LANSING - Late Friday afternoon, four of the Great Lakes announced that what was previously the fifth Great Lake, Lake Ontario, was no longer going to be considered a "Great Lake."
In a brief public statement, Lake Superior explained that a number of factors led to Lake Ontario's ousting. "It's got the smallest surface area of the five lakes, and ever since the Zebra Mussels invasion, we've had our doubts about whether it was a good fit. We just think it really isn't working out as a great lake, although we appreciate the time it has spent with us. We hope there are no hard feelings."
Private sources have said that Lake Ontario was heavily lobbying to re-admit Lake Champlain to the exclusive club of Great Lakes. Lake Ontraio was disillusioned when Champlain, its close friend, had been declared a Great Lake by the United States Senate in 1998 only to have its status rescinded less than a month later.
"Champ," an inhabitant of the lake, confirmed that Ontario and Champlain had been in close communication over the years, and blames the falling out on Lake Superior. "Lake Superior is a bit of a control freak. He was afraid of the precedent Lake Champlain set."

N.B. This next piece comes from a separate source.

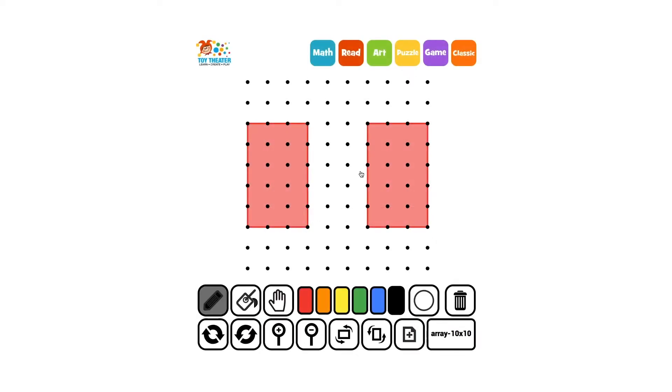Now we will partition one into smaller squares. Partitioning means to divide or break apart into smaller pieces.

Other sources point to speculation about a possible bid to have Lake St. Clair, a close friend of Lake Erie, to be admitted. Supporters of Erie, the shallowest of the five lakes, and now the smallest by area with Ontario ousted, claim that this is a direct warning to Lake Erie, who might have lobbied for St. Clair's admission. They have said it was only a matter of time until Superior flexed its muscles and re-established dominance. "Lake Erie is going to get this message loud and clear. Lake St. Claire has just lost its only important advocate."
Even so, this drastic measure was more than even the most pessimistic analysts expected.
After the announcement, the Great Lakes asked that the media respect their privacy for the near future. When asked about all the textbooks and other records that would need to be changed, Lake Superior was unsympathetic.